🤖 AI Summary
This work addresses the challenge of noisy, sparse, and unevenly sampled pairwise human judgments that undermine reliable uncertainty quantification in large language model (LLM) evaluation benchmarks. Framing LLM assessment as a low-rank tensor completion problem with structured observations and non-uniform sampling under a Bradley–Terry–Luce-type model, the authors propose a unified semi-parametric inference framework. Key innovations include a score whitening technique to overcome inferential bottlenecks caused by anisotropy in the information operator, and the construction of an efficient debiased estimator that achieves asymptotic normality. The resulting method enables stable inference at optimal sample complexity and supports efficient, reliable uncertainty quantification for both linear and nonlinear functionals—such as ability gaps and win probabilities—thereby offering a principled foundation for robust LLM benchmarking.
📝 Abstract
Large language model (LLM) evaluation platforms increasingly rely on pairwise human judgments. These data are noisy, sparse, and non-uniform, yet leaderboards are reported with limited uncertainty quantification. We study this as semiparametric inference for a low-rank latent score tensor observed through pairwise comparisons under Bradley-Terry-Luce-type models. This places LLM evaluation in a new tensor completion setting with structured observations, non-uniform sampling, and pairwise contrasts.
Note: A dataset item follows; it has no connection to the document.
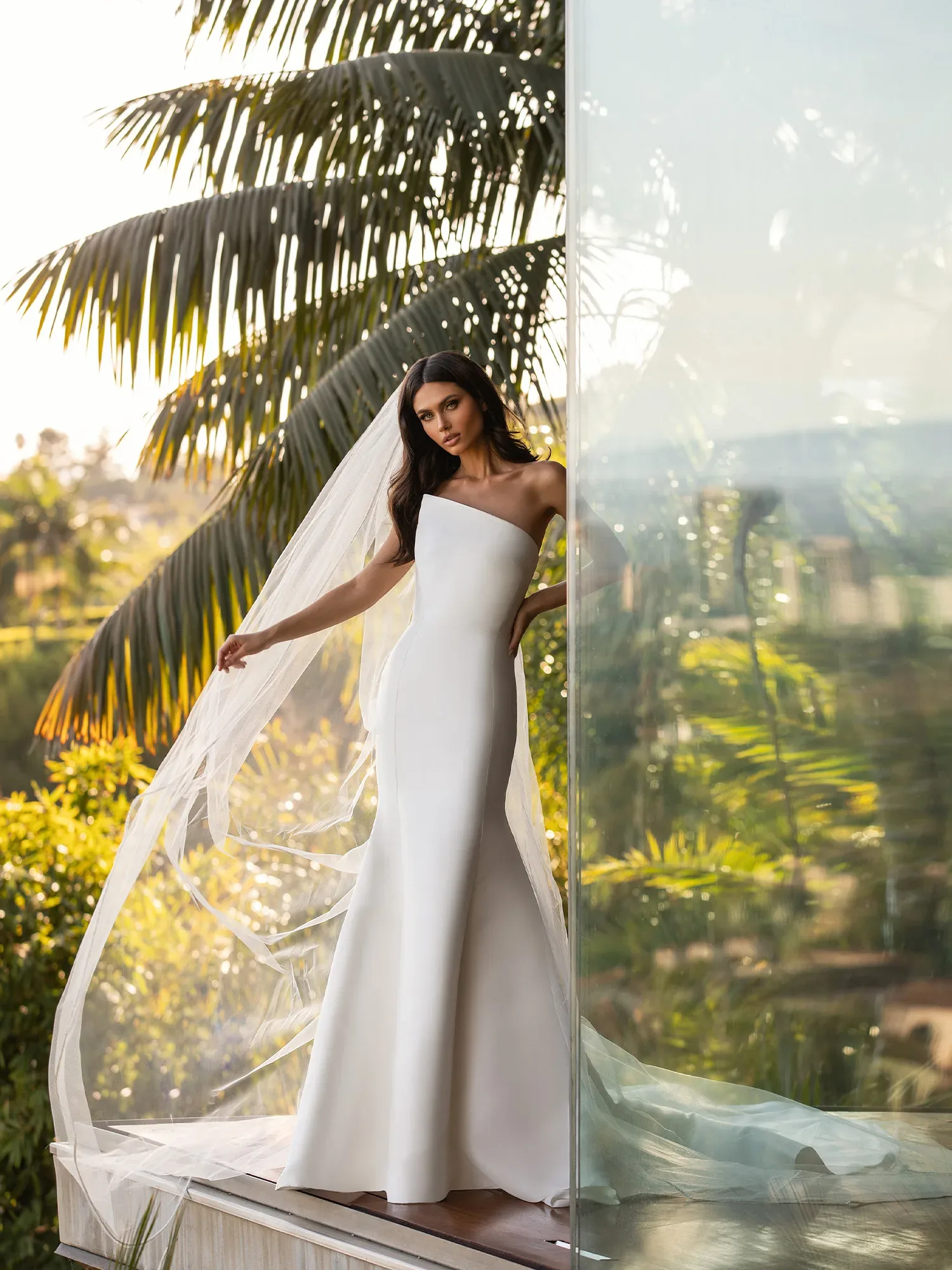 Eine elegante Braut steht in einem modernen, einseitig schulterfreien Brautkleid auf einer Terrasse vor üppigem Grün und Palmen. Ihr bodenlanger Schleier wird sanft vom Wind bewegt, während sie in die Ferne schaut.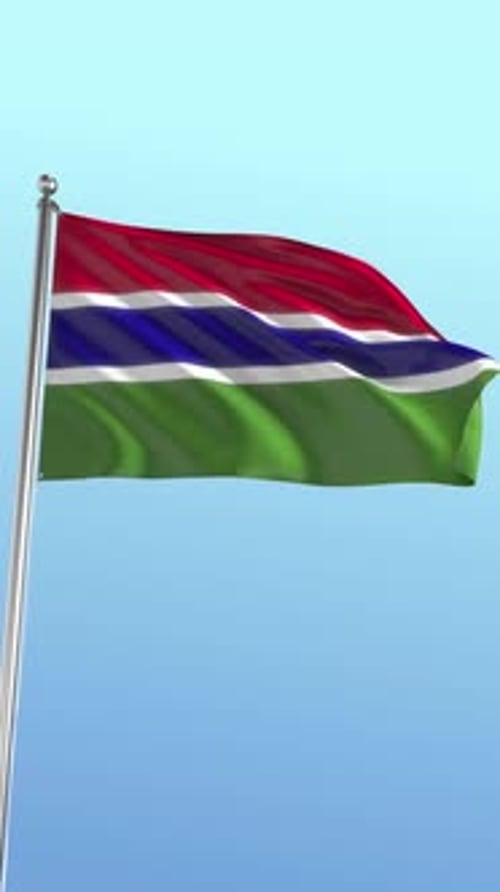 Flag of The Gambia Waving Against Blue Sky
Our target is a smooth functional $ψ(T^\star)$, including linear estimands such as ability gaps and nonlinear ones such as win probabilities. We derive the information operator on the low-rank tangent space, the efficient influence function, and the semiparametric efficiency bound, then construct a one-step debiased estimator with asymptotic normality. A central challenge is that the information operator is anisotropic and does not commute with the tangent-space projection, creating a bottleneck absent from isotropic models. We introduce a score-whitening method that equalizes local Fisher information and restores stable inference at the optimal sample-complexity scale. Our results provide a principled framework for uncertainty quantification in LLM evaluation and more broadly for inference on low-rank structures from pairwise data.